Ces deux personnages, par la force des choses, se retrouveront à cohabiter. L’une apprenant de l’autre, chacune tentant d’ouvrir les yeux de sa colocataire sur la propagande de son propre pays. Deux témoignages s’affrontant, se complétant et profitant d’une mise-en-scène minutieuse. En effet, le découpage des cases et le dessin n’auraient pu être mieux pensés et participent au succès du récit. On ressent chaque horreur de la guerre au travers des expressions de visages et, la ville, théâtre de l’action, ne nous a jamais parue aussi… terne. Volonté de l’auteur qui a d’ailleurs choisi de transformer la capitale allemande en un océan de gris.

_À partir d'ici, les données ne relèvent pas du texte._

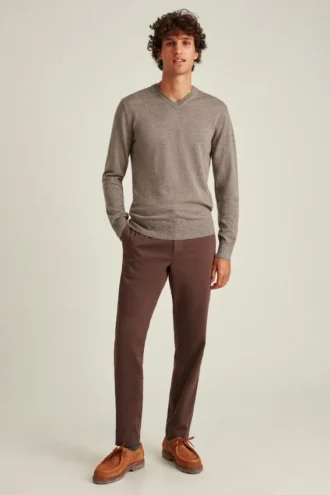 Washable Merino V-Neck Sweater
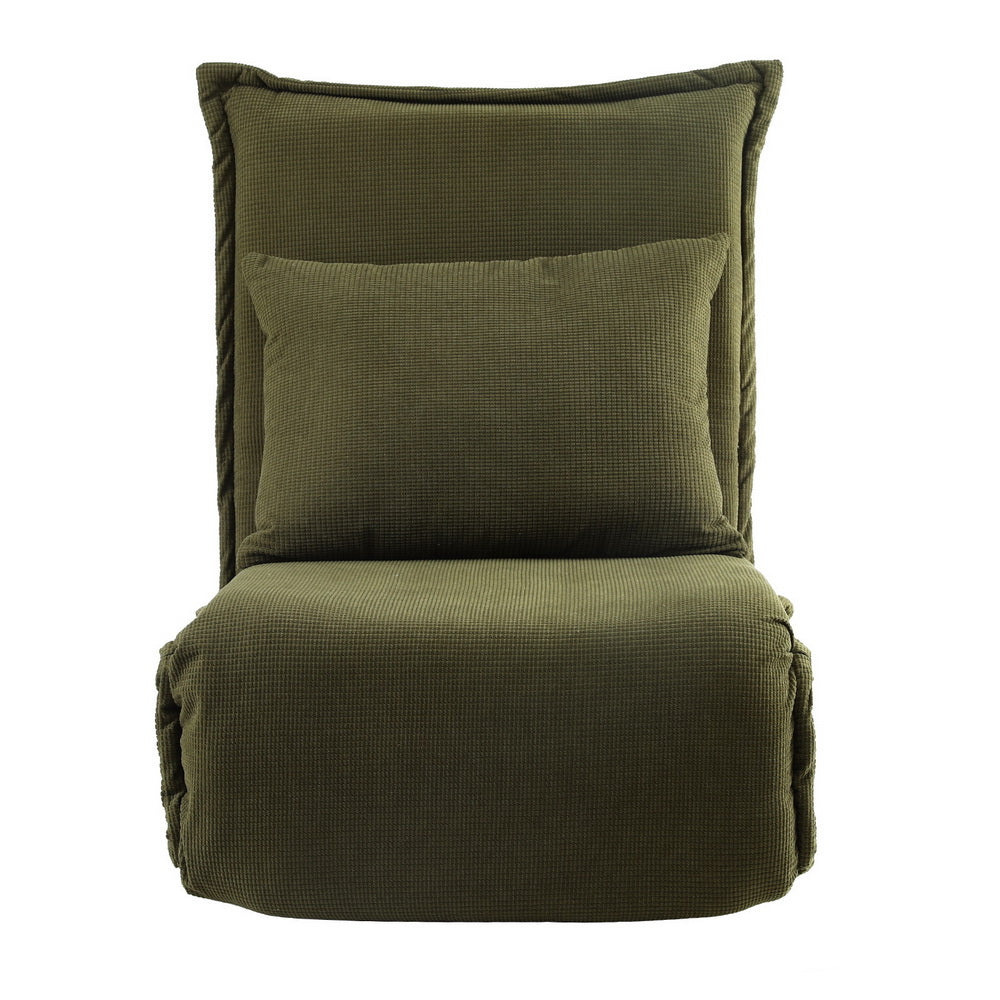 Meira Floor Lounge Sofa Bed Foldable - Green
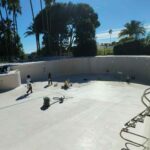 Travaux de construction piscine dans une résidence à Cannes, Côte d'Azur.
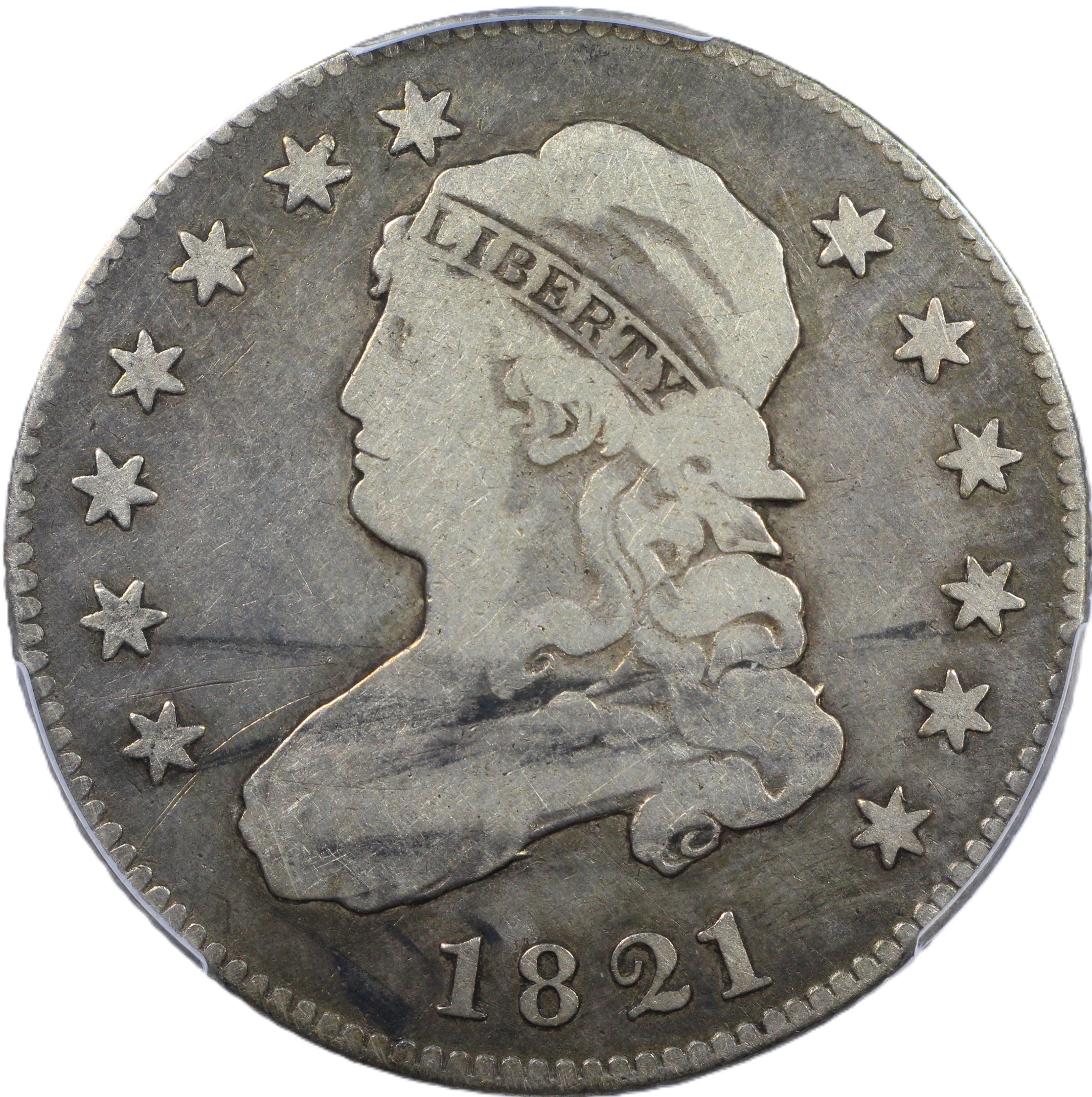 image for: 1821 25c PCGS VG10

La conclusion à tirer est assez simple. Seules à Berlin fait partie de ces écrits qui ne laisseront aucun lecteur indemne. La rudesse du propos y est évidemment pour quelque chose. Mais pas seulement. Dans ce roman graphique, on découvre deux femmes qui permettent à l’auteur de décrire des quotidiens bien rarement mis en exergue dans ce type de médium. La narration de ces vies, tout comme le découpage, le rythme et le parti pris graphique, celui de jouer avec des nuances de gris de la première à la dernière page, font de Seules à Berlin, l’une des belles sorties de ce mois de mars. Touchante, émouvante, historique, originale… et on en passe.
Note : 8/10
R.L.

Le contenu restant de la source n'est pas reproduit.